Proof. The \(n\)th partial sum of the series \(\sum _{n=1}^\infty (\lambda a_n+\mu b_n)\) is \((\lambda a_1+\mu b_1)+\dots + (\lambda a_n+\mu b_n).\) This is a finite sum, so we can rearrange to get \(\lambda s_n+\mu t_n,\) where \(s_n=a_1+\dots +a_n\) and \(t_n=b_1+\dots +b_n\) (partial sums). We are given that \(s_n\to S\) and \(t_n\to T\) as \(n\to \infty ,\) so by AoL of convergent sequences, \(\lambda s_n + \mu t_n\to \lambda S + \mu T\) as claimed. □

Proof. For a real number \(a,\) denote

\(a^+=\begin {cases}a,&\textsf { if }a\ge 0,\\ 0,&\textsf { if }a<0,\end {cases}\)  \(a^- = \begin {cases} 0, &\textsf { if } a\ge 0, \\ -a, &\textsf { if }a<0.\end {cases}\)

1. Assume that the series \(\sum a_n\) is absolutely convergent, meaning that \(\sum _{n=1}^\infty |a_n|\) has finite sum \(M <+\infty .\) Put \(p_n=a_n^+\) and \(q_n = a_n^-\) for all \(n.\) Then we have

\[ 0\le p_n,q_n\le |a_n|, \quad a_n=p_n - q_n, \quad |a_n|=p_n+q_n. \]

By Comparison Test, Theorem 1.5, the series \(\sum _{n=1}^\infty p_n\) is convergent, with some finite sum \(P\le M,\) and likewise \(\sum _{n=1}^\infty q_n= Q \le M.\)

2. By AoIS, the series \(\sum _{n=1}^\infty a_n=\sum _{n=1}^\infty (p_n -q_n)\) is convergent with sum \(P-Q.\)

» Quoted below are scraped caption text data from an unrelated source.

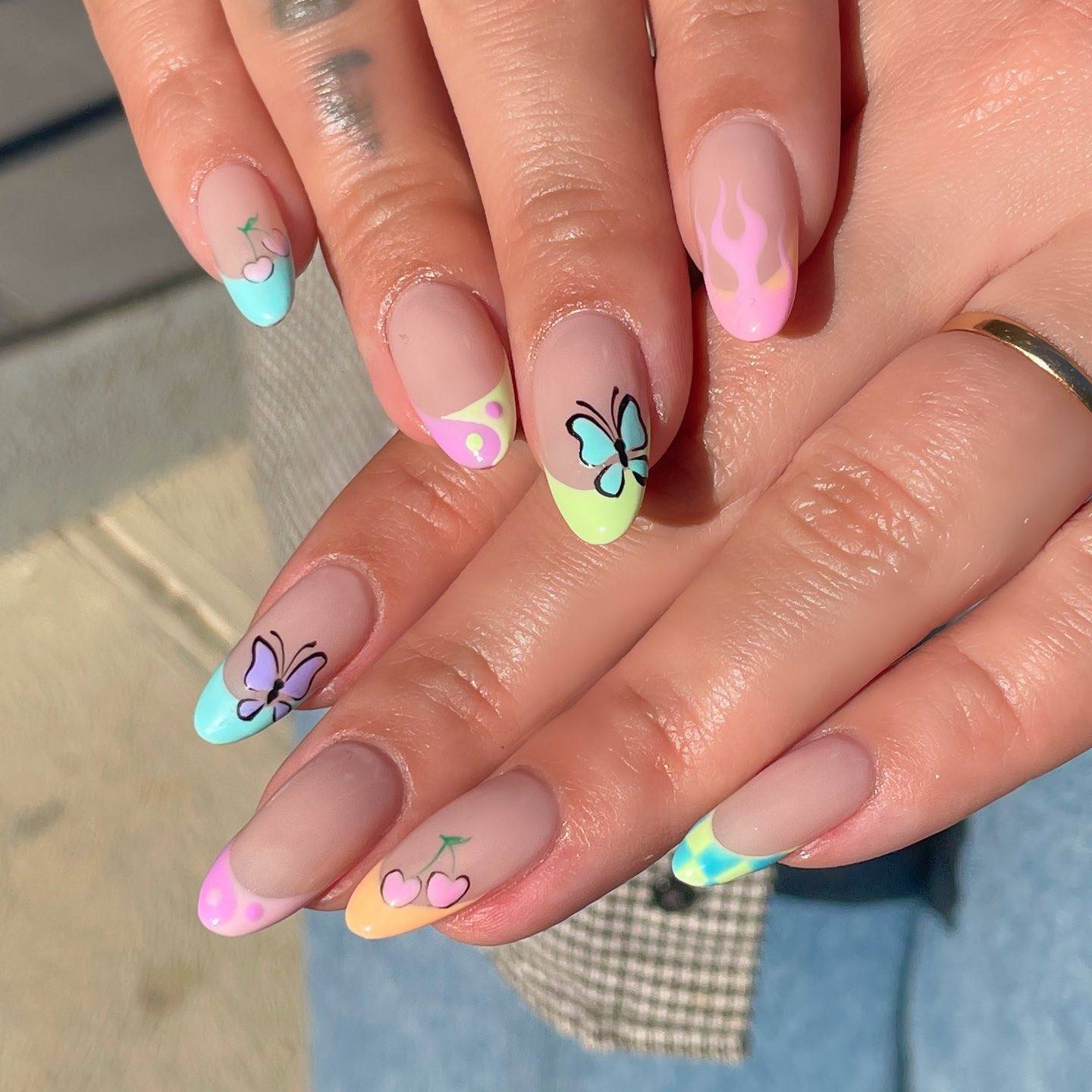 manicura francesa decorada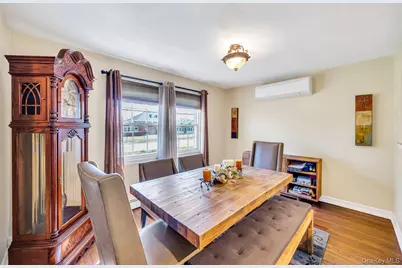 56 Pamlico Avenue, Ronkonkoma, NY 11779 - Photo 10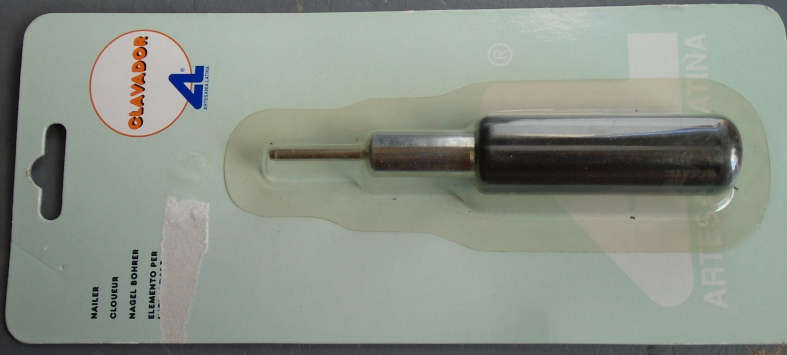 CLAVADOR NAILER FOR TRACK NAILS, CARDED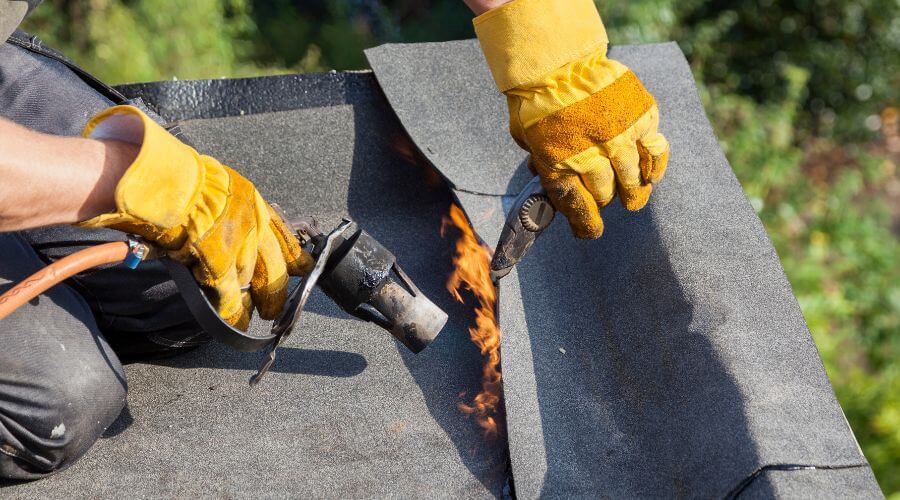 Professional gutter cleaning in Colora, MD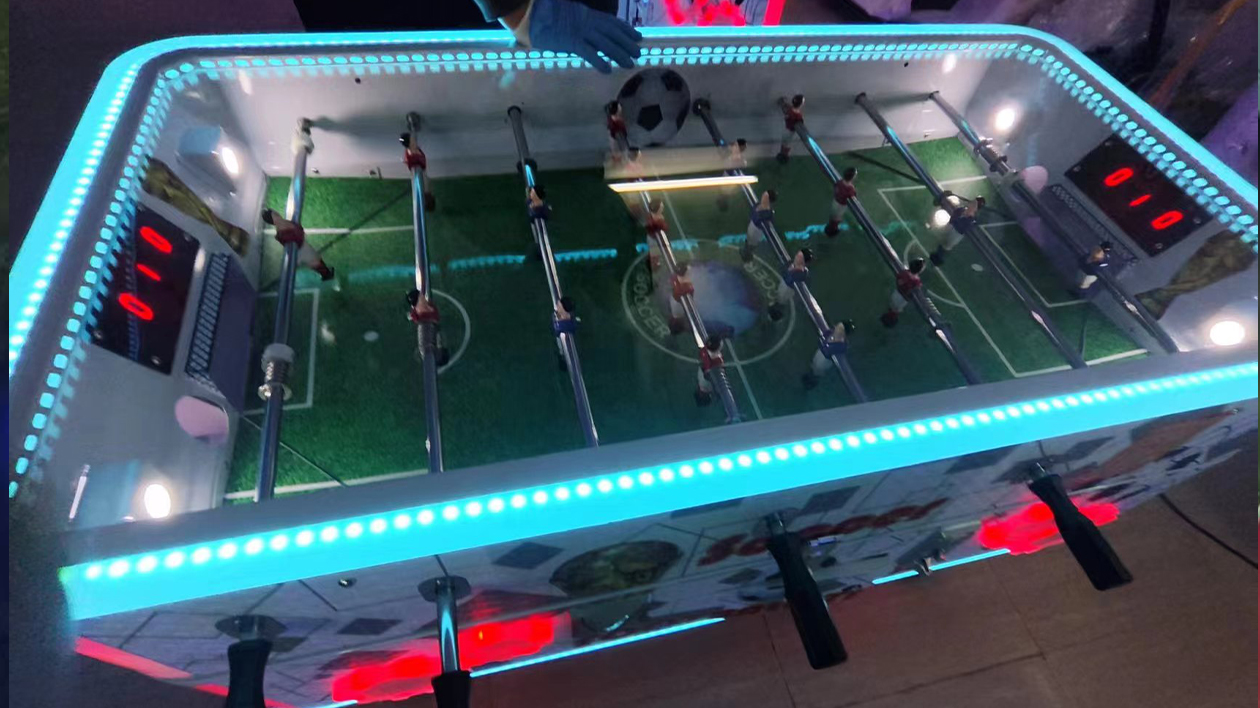 football arcade machine (2)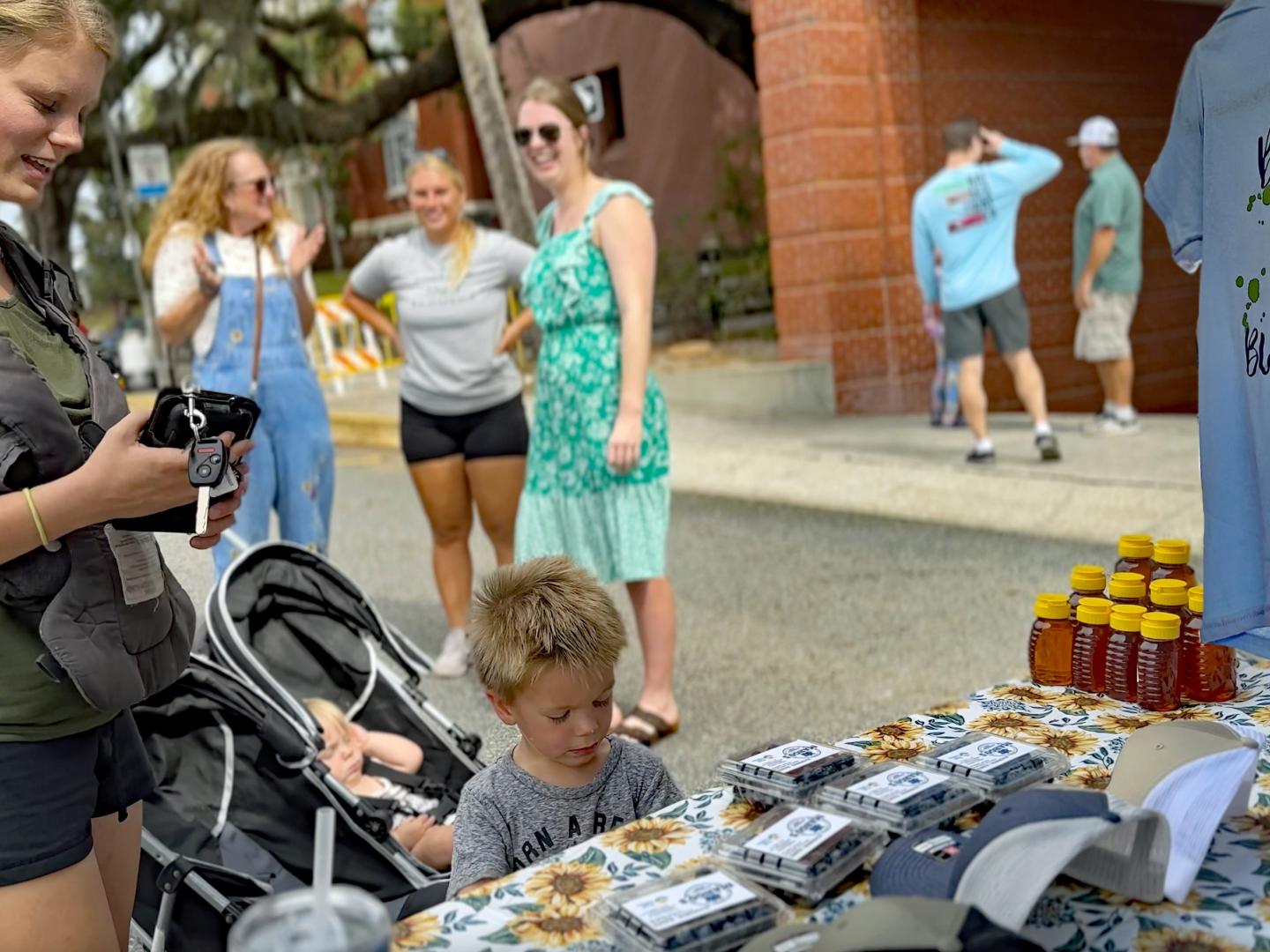 在佛罗里达州布鲁克斯维尔蓝莓节上浏览当地商品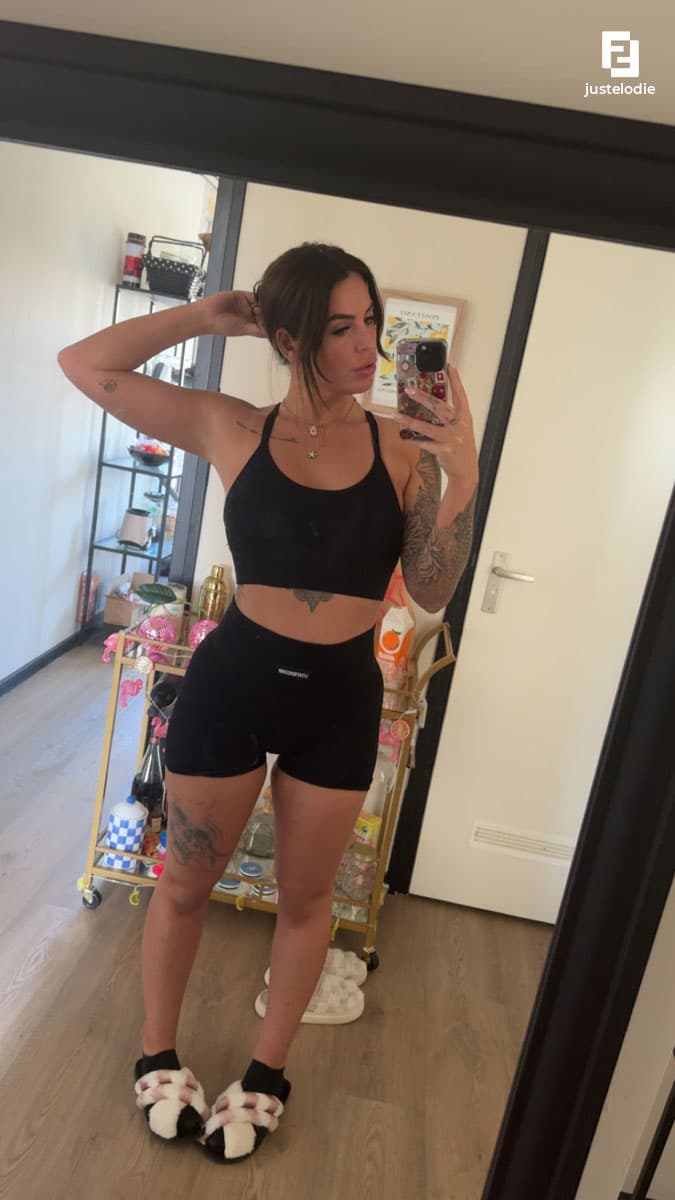 Elodie foto 4
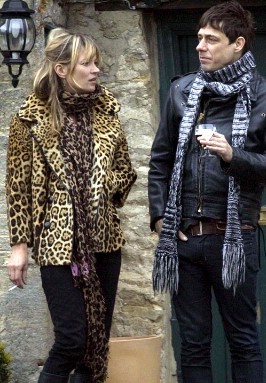 Stay snug in fashionable winter warmers! - Kate Moss - 3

3. Since \(0\le P,Q\le M,\) we have \(|P-Q|\le M,\) which reads \(\left |\sum _{n=1}^\infty a_n\right |\le \sum _{n=1}^\infty |a_n|.\) □

Proof. Similarly to the Absolute Convergence Theorem, the idea is to write the given series as a linear combination of two convergent series; yet in this case, we cannot use two series with non-negative terms. Consider two series:

\[ \begin {array}{lccccccc} \text {Series 1:} & (a_1-a_2) & +0 & +(a_3-a_4) & +0 & +(a_5-a_6) & +0 & +\dots \\ \text {Series 2:} & a_2 & -a_2 & +a_4 & -a_4& +a_6 & -a_6& +\dots \end {array} \]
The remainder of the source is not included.